3. CUSTOMER RESPONSIBILITIES
(a) General. Customer is responsible and liable for all uses of the Provider IP resulting from access provided by Customer, directly or indirectly, whether such access or use is permitted by or in violation of this Agreement. Without limiting the generality of the foregoing, Customer is responsible for all acts and omissions of Authorized Users, and any act or omission by an Authorized User that would constitute a breach of this Agreement if taken by Customer will be deemed a breach of this Agreement by Customer. Customer shall use reasonable efforts to make all Authorized Users aware of this Agreement’s provisions as applicable to such Authorized User’s use of the Provider IP and shall cause Authorized Users to comply with such provisions.

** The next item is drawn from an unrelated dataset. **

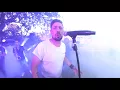 Download Lagu Banda Doce Pecado - Bota no 12 (Ela foi Infiel) - (CLIPE OFICIAL 2018)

(b) Third-Party Products. Provider may from time to time make Third-Party Products available to Customer. For purposes of this Agreement, such Third-Party Products are subject to their own terms and conditions and the applicable flow through provisions referred to in the Order Form. If Customer does not agree to abide by the applicable terms for any such Third-Party Products, then Customer should not install or use such Third-Party Products.
4. FEES AND PAYMENT
(a) Fees. Customer shall pay Provider the fees (“Fees”) as set forth in the Order Form without offset or deduction. Customer shall make all payments hereunder in US dollars on or before the due date set forth in the Order Form. If Customer fails to make any payment when due, without limiting Provider’s other rights and remedies: (i) Provider may charge interest on the past due amount at the rate of 1.5% per month calculated daily and compounded monthly or, if lower, the highest rate permitted under applicable law; (ii) Customer shall reimburse Provider for all costs incurred by Provider in collecting any late payments or interest, including attorneys’ fees, court costs, and collection agency fees; and (iii) if such failure continues for 90 days or more, Provider may suspend Customer’s and its Authorized Users’ access to any portion or all of the Services until such amounts are paid in full.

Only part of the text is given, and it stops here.